8. Face à gravidade do crime de homicídio triplamente qualificado praticado pelos réus e à quantidade das penas privativas de liberdade que ora lhes foram aplicadas, ficam mantidas suas prisões preventivas para garantia da ordem pública, posto que subsistem os motivos determinantes de suas custódias cautelares, tal como previsto nos arts. 311 e 312 do Código de Processo Penal, devendo aguardar detidos o trânsito em julgado da presente decisão. Como este Juízo já havia consignado anteriormente, quando da prolação da sentença de pronúncia - respeitados outros entendimentos em sentido diverso - a manutenção da prisão processual dos acusados, na visão deste julgador, mostra-se realmente necessária para garantia da ordem pública, objetivando acautelar a credibilidade da Justiça em razão da gravidade do crime, da culpabilidade, da intensidade do dolo com que o crime de homicídio foi praticado por eles e a repercussão que o delito causou no meio social, uma vez que a prisão preventiva não tem como único e exclusivo objetivo prevenir a prática de novos crimes por parte dos agentes, como exaustivamente tem sido ressaltado pela doutrina pátria, já que evitar a reiteração criminosa constitui apenas um dos aspectos desta espécie de custódia cautelar.
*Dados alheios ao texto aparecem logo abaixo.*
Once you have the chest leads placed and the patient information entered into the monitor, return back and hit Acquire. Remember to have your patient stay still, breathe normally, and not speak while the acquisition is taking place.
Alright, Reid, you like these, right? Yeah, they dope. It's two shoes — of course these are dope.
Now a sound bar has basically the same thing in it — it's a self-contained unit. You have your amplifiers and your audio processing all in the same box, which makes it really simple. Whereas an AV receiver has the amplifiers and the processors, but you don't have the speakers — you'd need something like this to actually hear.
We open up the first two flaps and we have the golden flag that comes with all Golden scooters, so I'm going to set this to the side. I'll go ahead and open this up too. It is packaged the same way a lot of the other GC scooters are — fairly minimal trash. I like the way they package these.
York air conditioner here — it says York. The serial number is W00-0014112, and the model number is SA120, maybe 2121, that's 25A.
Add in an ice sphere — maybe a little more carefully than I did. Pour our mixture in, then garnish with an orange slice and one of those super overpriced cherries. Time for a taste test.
Tanto é assim que o próprio Colendo Supremo Tribunal Federal já admitiu este fundamento como suficiente para a manutenção de decreto de prisão preventiva:

‘HABEAS CORPUS. QUESTÃO DE ORDEM. PEDIDO DE MEDIDA LIMINAR. ALEGADA NULIDADE DA PRISÃO PREVENTIVA DO PACIENTE. DECRETO DE PRISÃO CAUTELAR QUE SE APÓIA NA GRAVIDADE ABSTRATA DO DELITO SUPOSTAMENTE PRATICADO, NA NECESSIDADE DE PRESERVAÇÃO DA <CREDIBILIDADE DE UM DOS PODERES DA REPÚBLICA>, NO CLAMOR POPULAR E NO PODER ECONÔMICO DO ACUSADO. ALEGAÇÃO DE EXCESSO DE PRAZO NA CONCLUSÃO DO PROCESSO.’

‘O plenário do Supremo Tribunal Federal, no julgamento do HC 80.717, fixou a tese de que o sério agravo à credibilidade das instituições públicas pode servir de fundamento idôneo para fins de decretação de prisão cautelar, considerando, sobretudo, a repercussão do caso concreto na ordem pública.’ (STF, HC 85298-SP, 1ª Turma, rel. Min. Carlos Aires Brito, julg. 29.03.2005, sem grifos no original).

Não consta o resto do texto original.